● Problem description
Please give back every entry in full, word for word, but none of the pictures.

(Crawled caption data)
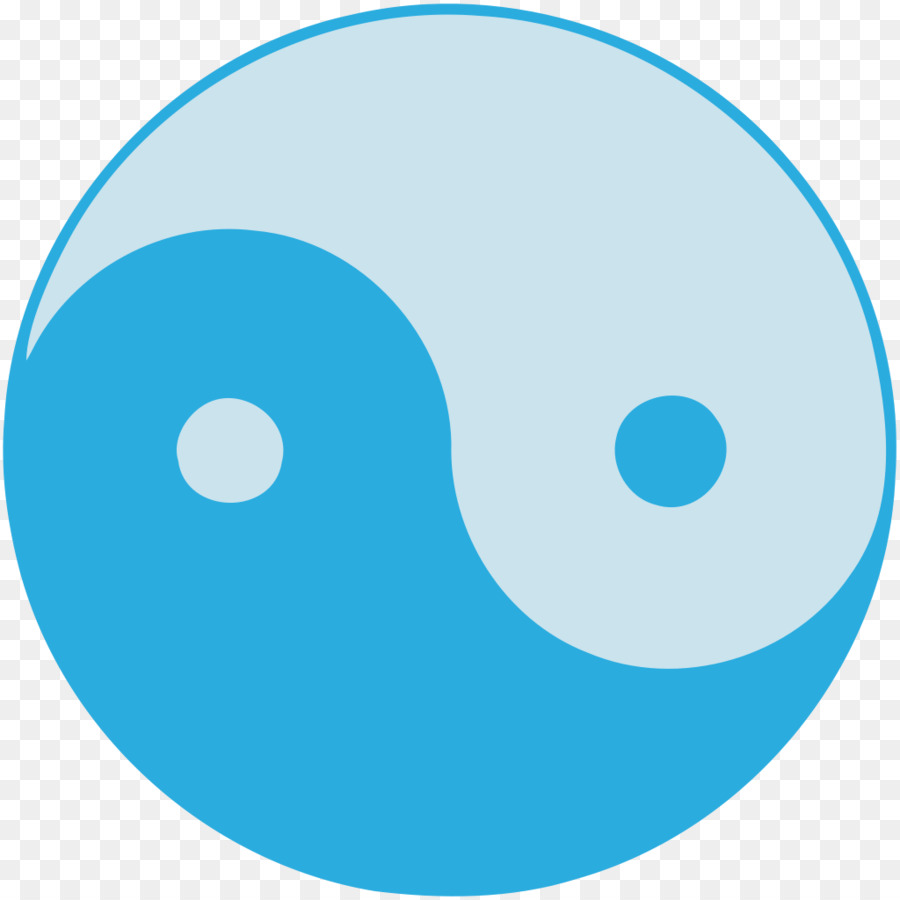 El Yin Y El Yang，Dibujo PNG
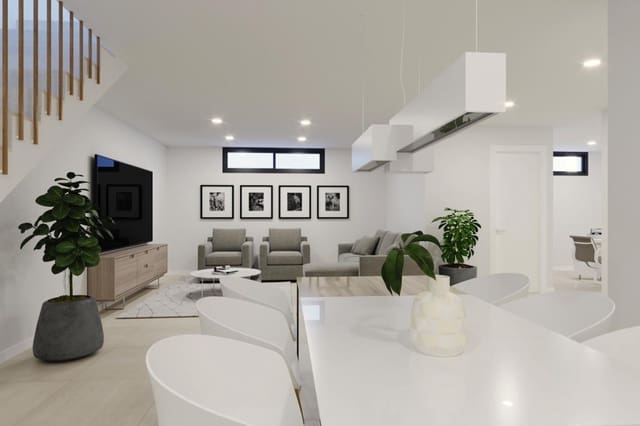 2 soveværelse Penthouse til salg i Los Balcones - Los Altos, Torrevieja med swimmingpool - € 330.000 (Ref: 9984597)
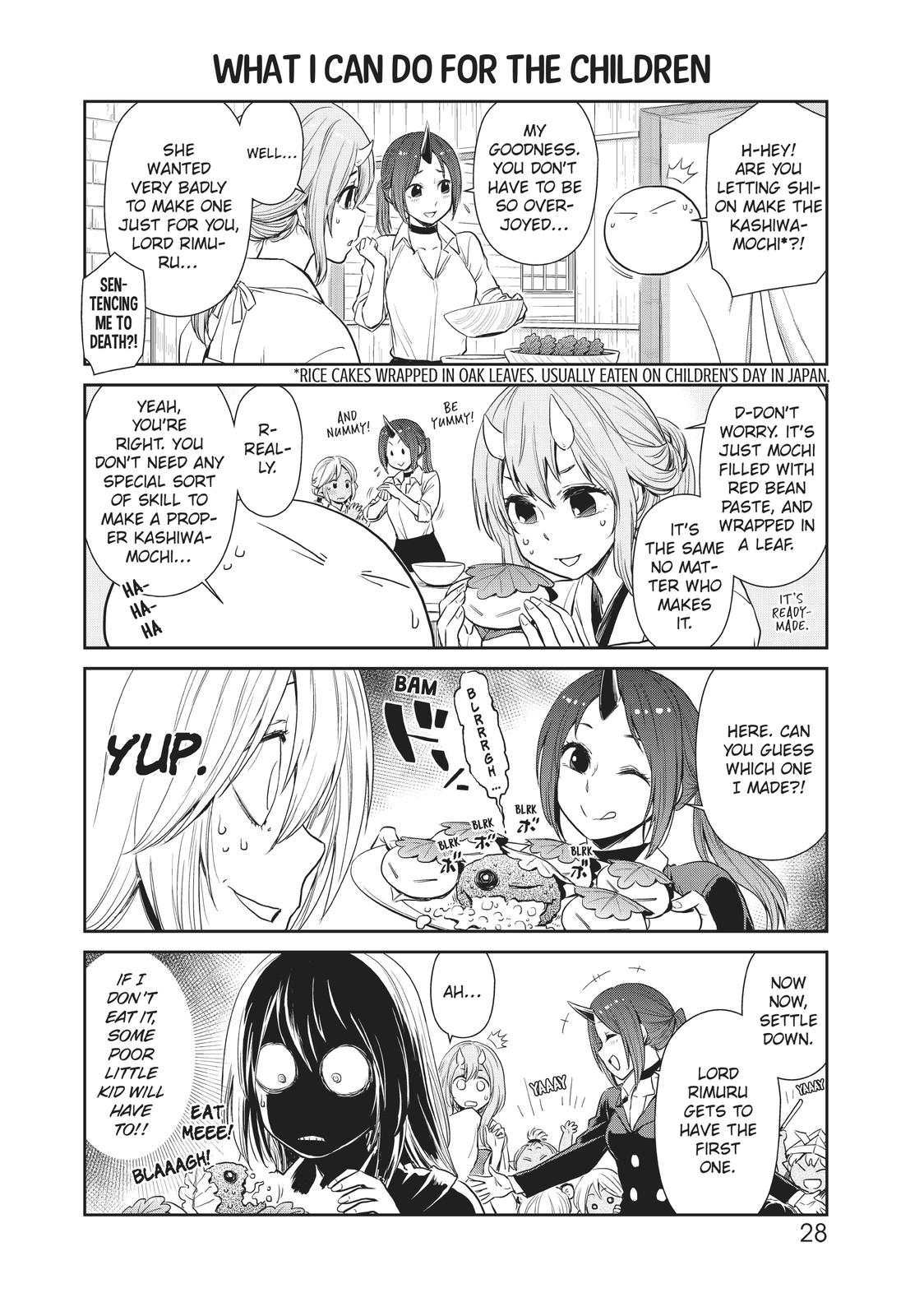 Tensura Nikki Tensei Shitara Slime Datta Ken Chapter 19 page 6 - Chapter 19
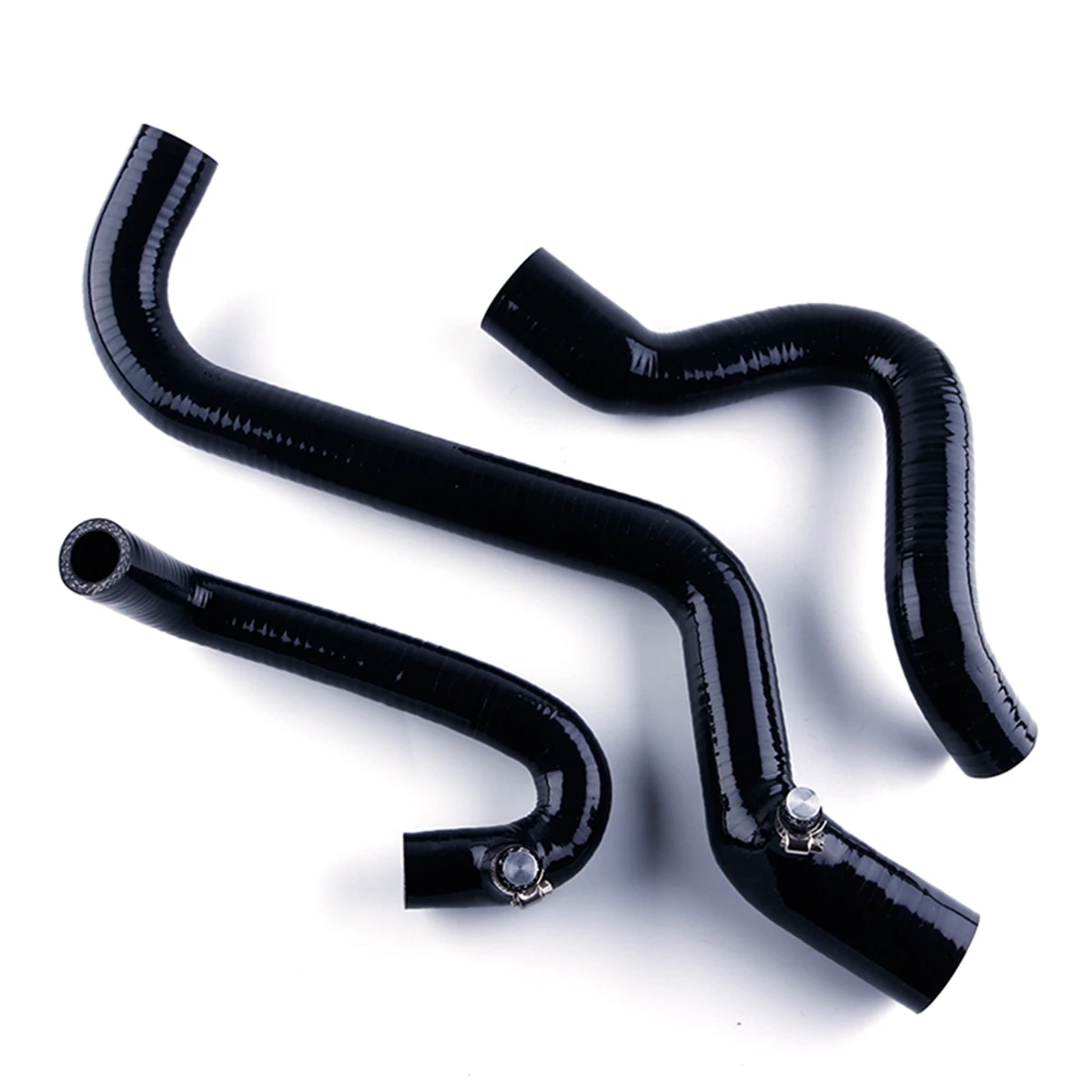 

For 1985-1996 Renault 5GT Turbo 1986 1987 1988 1989 1990 91 92 93 94 95 Main Water Silicone Hose Coolant Tube Kit 3Pcs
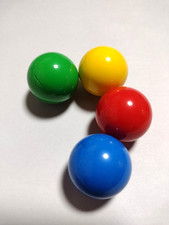 Ersatzkugeln 4 Stück Hubelino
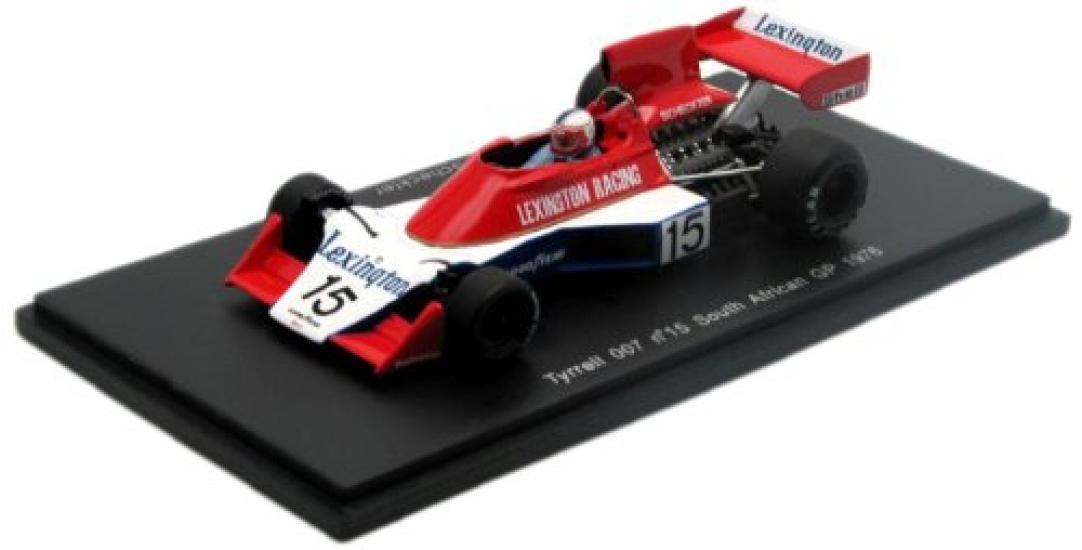 

Tyrrell 007 1976 South African GP [Spark] 1/43 No.15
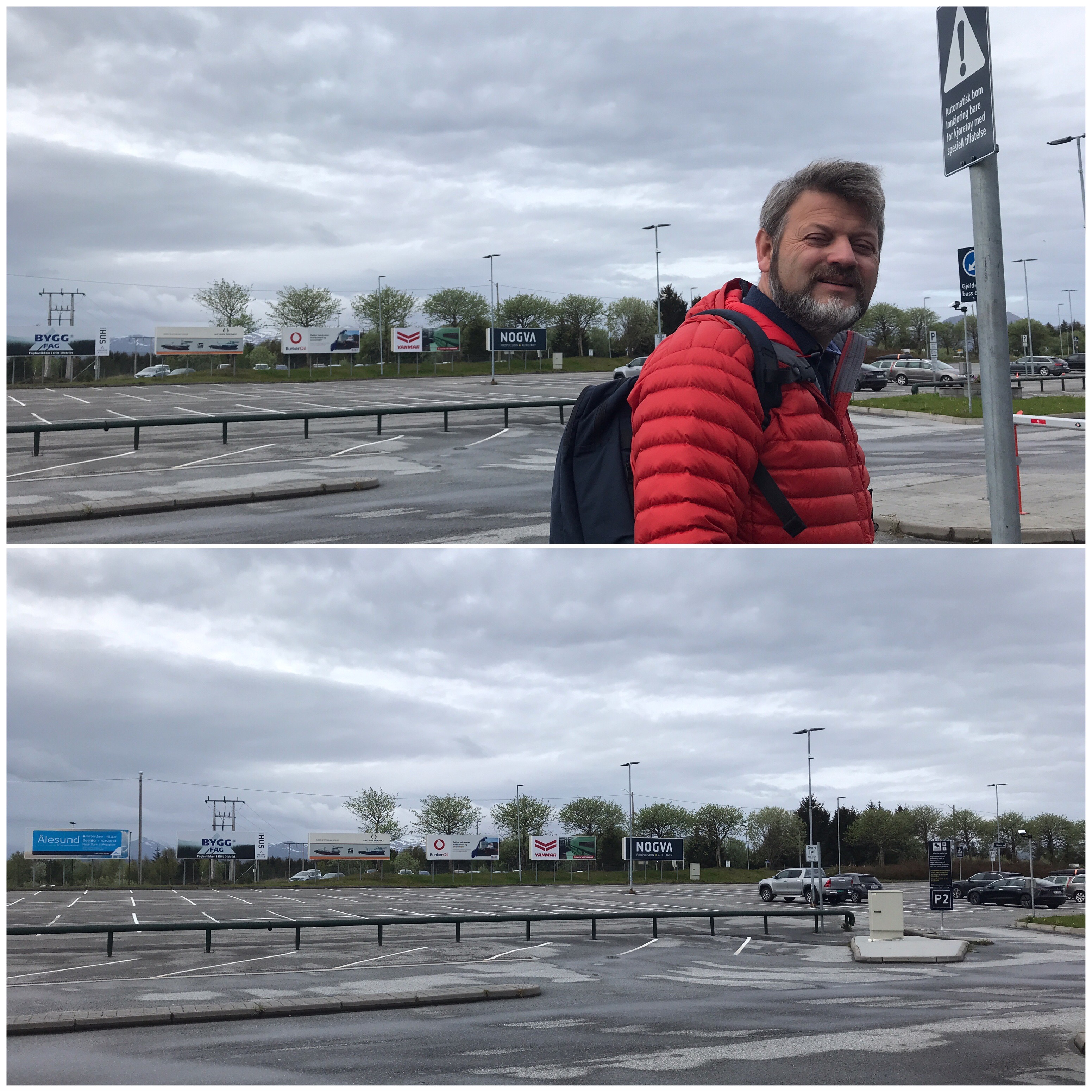 Dag 1 – Ålesund – Henningsvær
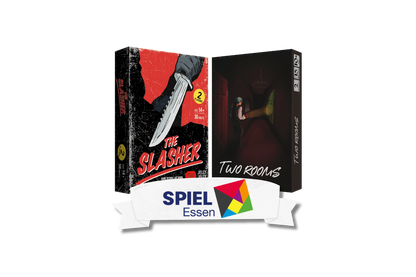 SPIEL Essen Pickup Pre-order: TWO ROOMS, THE SLASHER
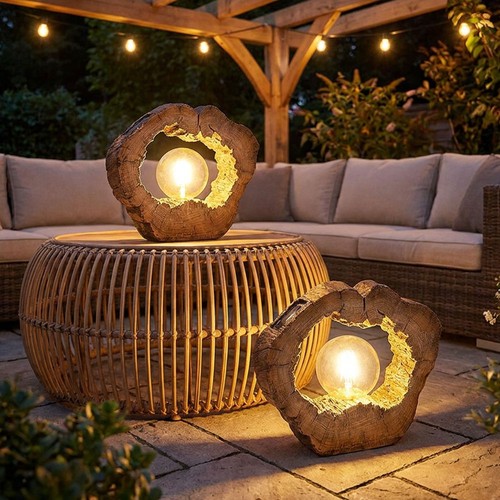 Lampe solaire extérieure - solaire, de
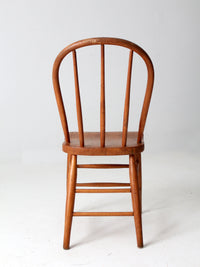 antique farmhouse spindle back chair
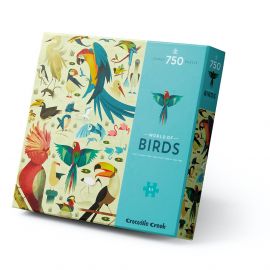Puzzle - World of Birds - 750 pc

● Exercise response
 El Yin Y El Yang，Dibujo PNG
 2 soveværelse Penthouse til salg i Los Balcones - Los Altos, Torrevieja med swimmingpool - € 330.000 (Ref: 9984597)
 Tensura Nikki Tensei Shitara Slime Datta Ken Chapter 19 page 6 - Chapter 19

For 1985-1996 Renault 5GT Turbo 1986 1987 1988 1989 1990 91 92 93 94 95 Main Water Silicone Hose Coolant Tube Kit 3Pcs
 Ersatzkugeln 4 Stück Hubelino

Tyrrell 007 1976 South African GP [Spark] 1/43 No.15
 Dag 1 – Ålesund – Henningsvær
 SPIEL Essen Pickup Pre-order: TWO ROOMS, THE SLASHER
 Lampe solaire extérieure - solaire, de
 antique farmhouse spindle back chair
Puzzle - World of Birds - 750 pc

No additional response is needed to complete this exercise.